[Saved entries]
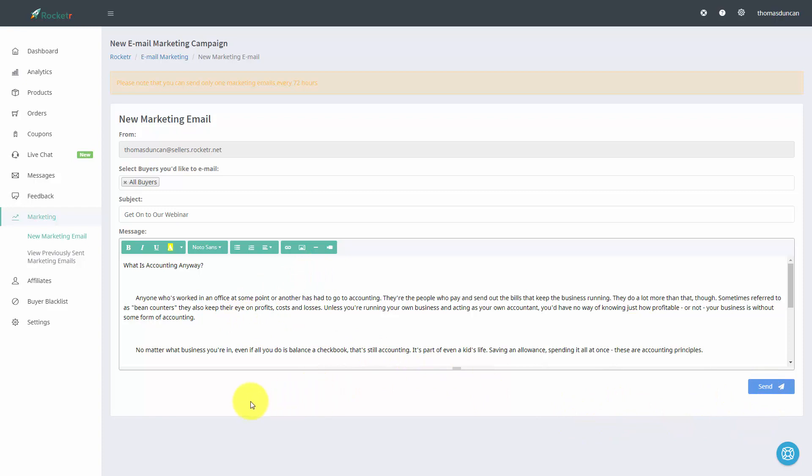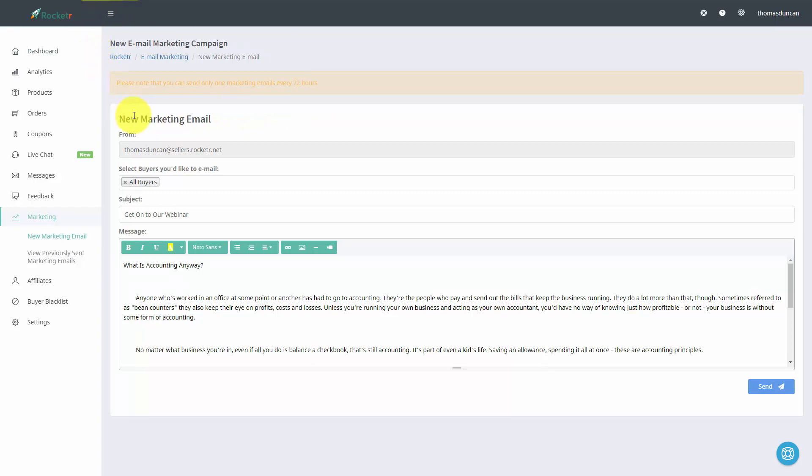Now one thing that you'll want to be aware of is that Rocketer will allow you to email these contacts every 72 hours. As long as you keep that in mind you'll be able to keep track of what's happening with those who have purchased your product and then be able to offer them even more value.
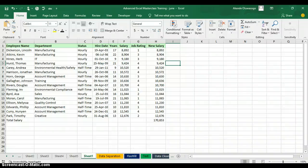Hello everyone, my name is Akerele Oluwa Shogo, I'm your Microsoft Excel trainer. Today I'll be teaching you how to use the Excel calculator to calculate exchange rates from one currency to another in Excel.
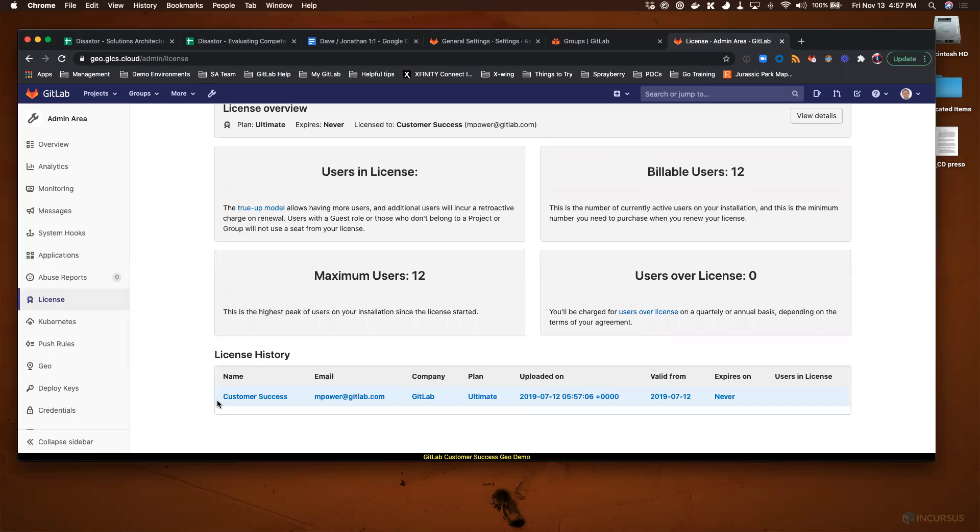You'll see your original Premium license here. When you upload your new license for the Ultimate edition, you'll see a new license history entry showing the Ultimate edition.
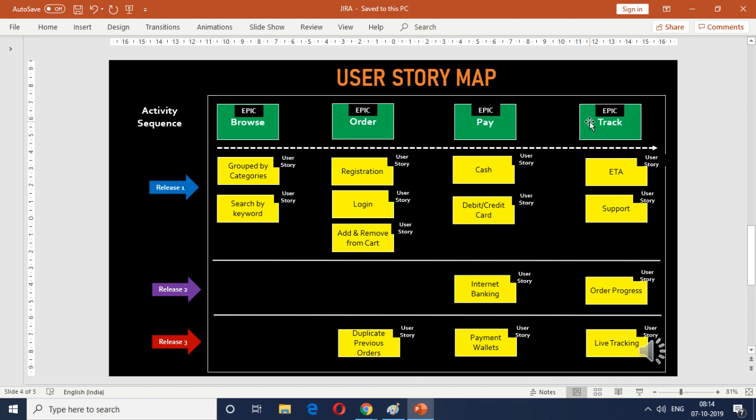So what we're going to do is let's create these four epics in the project which we created in the previous episode and let's see how it all fits into the Jira tool. So let's go back to the Jira browser.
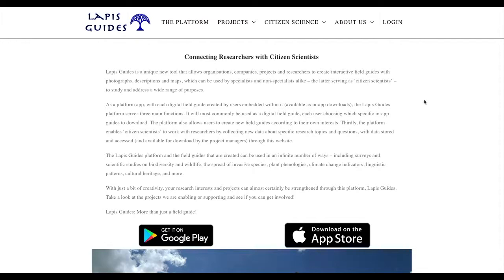In this tutorial, we're going to be learning how to access the data, work with the data, search the data, download, and then also what to do with it afterwards. So again, we go to lapisguides.org, and we'll click on the login page.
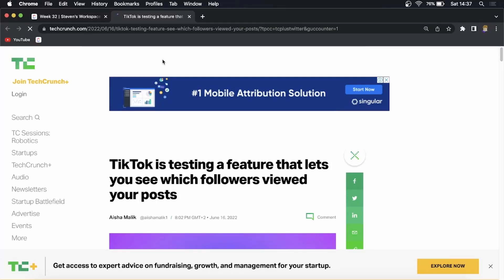Yo what is up guys welcome back to the channel and in this video I want to talk about can you see if someone has viewed your TikTok post.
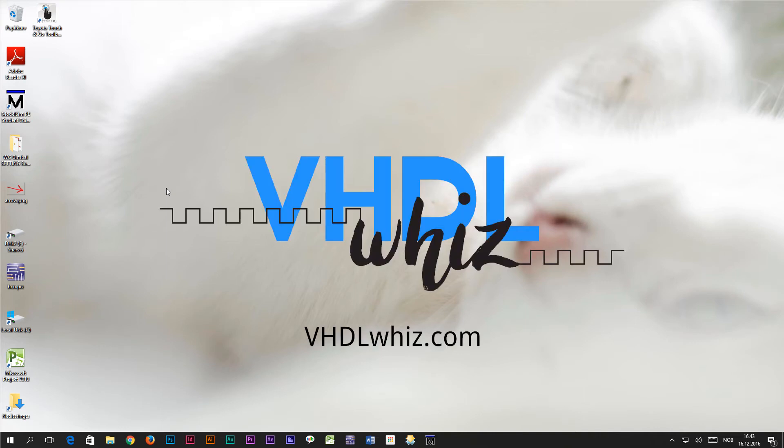This is Jonas from VHDLWiz.com. In this video I'm going to show you how to install the Notepad++ editor and configure it for VHDL development.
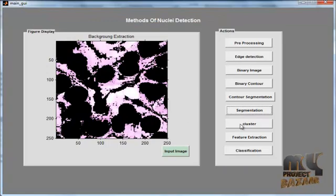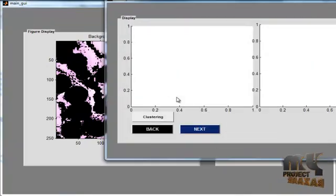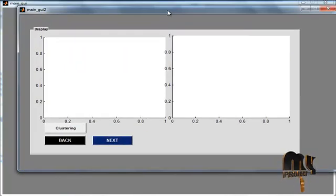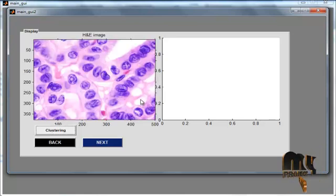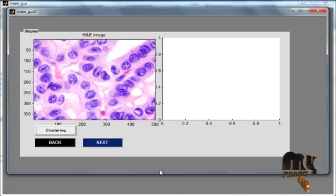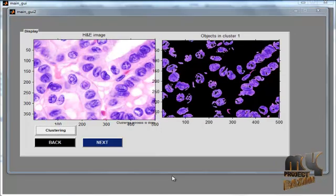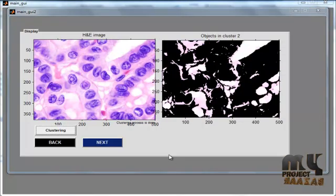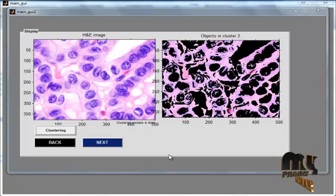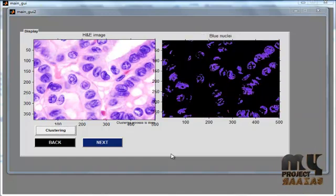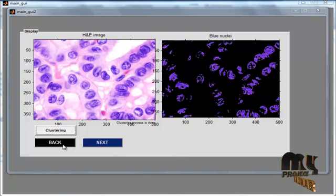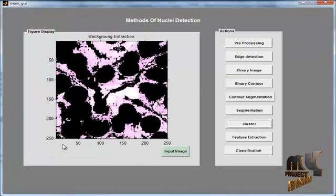Now click the Cluster button. After clicking it, another GUI window opens. The image is clustered into three types: first, clustering based on the nucleus color, and then two different clusterings for the background. Then click the button Back.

- _TASK DIRECTIONS_
The copy you produce must hold all the records above exactly and none of their pictures.

- _SOLVED PROBLEM_
Now one thing that you'll want to be aware of is that Rocketer will allow you to email these contacts every 72 hours. As long as you keep that in mind you'll be able to keep track of what's happening with those who have purchased your product and then be able to offer them even more value.
Hello everyone, my name is Akerele Oluwa Shogo, I'm your Microsoft Excel trainer. Today I'll be teaching you how to use the Excel calculator to calculate exchange rates from one currency to another in Excel.
You'll see your original Premium license here. When you upload your new license for the Ultimate edition, you'll see a new license history entry showing the Ultimate edition.
So what we're going to do is let's create these four epics in the project which we created in the previous episode and let's see how it all fits into the Jira tool. So let's go back to the Jira browser.
In this tutorial, we're going to be learning how to access the data, work with the data, search the data, download, and then also what to do with it afterwards. So again, we go to lapisguides.org, and we'll click on the login page.
Yo what is up guys welcome back to the channel and in this video I want to talk about can you see if someone has viewed your TikTok post.
This is Jonas from VHDLWiz.com. In this video I'm going to show you how to install the Notepad++ editor and configure it for VHDL development.
Now click the Cluster button. After clicking it, another GUI window opens. The image is clustered into three types: first, clustering based on the nucleus color, and then two different clusterings for the background. Then click the button Back.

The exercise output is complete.